Sachs sólo había escrito un tercio de su libro en aquel momento y la parte que yo leí estaba aún muy lejos de ser la versión definitiva. Sachs lo entendía así y cuando me dio el manuscrito la primera noche que pasé allí, no buscaba una crítica detallada ni sugerencias de cómo mejorar éste o aquel párrafo. Lo único que quería saber era si a mí me parecía que debía continuar.
– He llegado a un punto en el que ya no sé qué estoy haciendo -dijo-. No sé si es bueno o malo. No sé si es lo mejor que he hecho nunca o si es un montón de basura.
No era basura, eso me quedó claro desde la primera página, pero a medida que avanzaba en la lectura del resto del borrador también me di cuenta de que Sachs había dado con algo que valía la pena. Aquél era el libro que yo siempre había imaginado que era capaz de escribir, y si había hecho falta un desastre para que lo empezara, entonces quizá no había sido realmente un desastre. O eso es lo que me dije entonces. Fueran los que fueran los problemas que me encontré en el manuscrito, fueran los que fueran los cortes o cambios que sería preciso hacer al final, lo esencial era que Sachs había empezado y yo no iba a permitir que parase.
– Tú sigue escribiendo y no mires atrás -le dije durante el desayuno a la mañana siguiente-. Si consigues llegar hasta el final, será un gran libro. Toma nota de mis palabras: un libro grandioso y memorable.
Me es imposible saber si hubiese podido llevarlo a cabo. Entonces me sentía seguro de que sí, y cuando Iris y yo nos despedimos de él el último día, ni siquiera se me pasó por la cabeza dudarlo. Una cosa eran las páginas que había leído, pero Sachs y yo también habíamos hablado, y basándome en lo que me dijo sobre el libro durante las dos noches siguientes, estaba convencido de que tenía dominada la situación, que entendía lo que tenía por delante. Si eso es cierto, entonces no puedo imaginar nada más terrible. De todas las tragedias que mi pobre amigo creó para sí mismo, dejar este libro inacabado se convierte en lo más difícil de soportar. No quiero decir que los libros sean más importantes que la vida, pero el hecho es que todo el mundo se muere, todo el mundo desaparece al final, y si Sachs hubiese logrado terminar su libro, hay una posibilidad de que le hubiese sobrevivido.
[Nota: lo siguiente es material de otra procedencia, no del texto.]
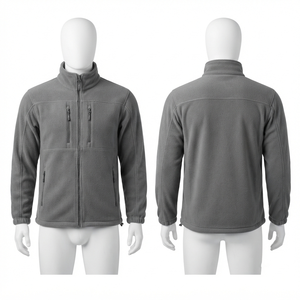 Chaqueta Polar de Trabajo para Hombre, 320 GSM, Polar de Poliéster Premium, Panel Gris en el Pecho, Cierre Completo, Logotipo Bordado Personalizado, OEM, ODM - Product Image 1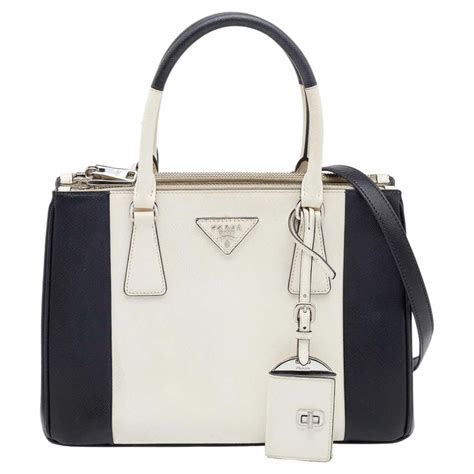 7.8 h x 11 w x 4.8 d prada saffiano|White/black Prada Double Saffiano Leather Mini Bag .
Eso es lo que quiero creer, en cualquier caso. Tal y como está ahora, el libro no es más que una promesa de libro, un libro en potencia encerrado en una caja llena de páginas manuscritas sucias y un puñado de notas. Eso es todo lo que queda de él, junto con nuestras dos conversaciones nocturnas al aire libre, sentados bajo un cielo sin luna atestado de estrellas. Pensé que su vida estaba empezando otra vez, que había llegado al inicio de un extraordinario futuro, pero resultó que estaba casi al final. Menos de un mes después de que le viese en Vermont, Sachs dejó de trabajar en su libro. Salió a dar un paseo una tarde de mediados de septiembre y la tierra se lo tragó de repente. Ésa es la esencia del asunto, y desde ese día no volvió a escribir una palabra más.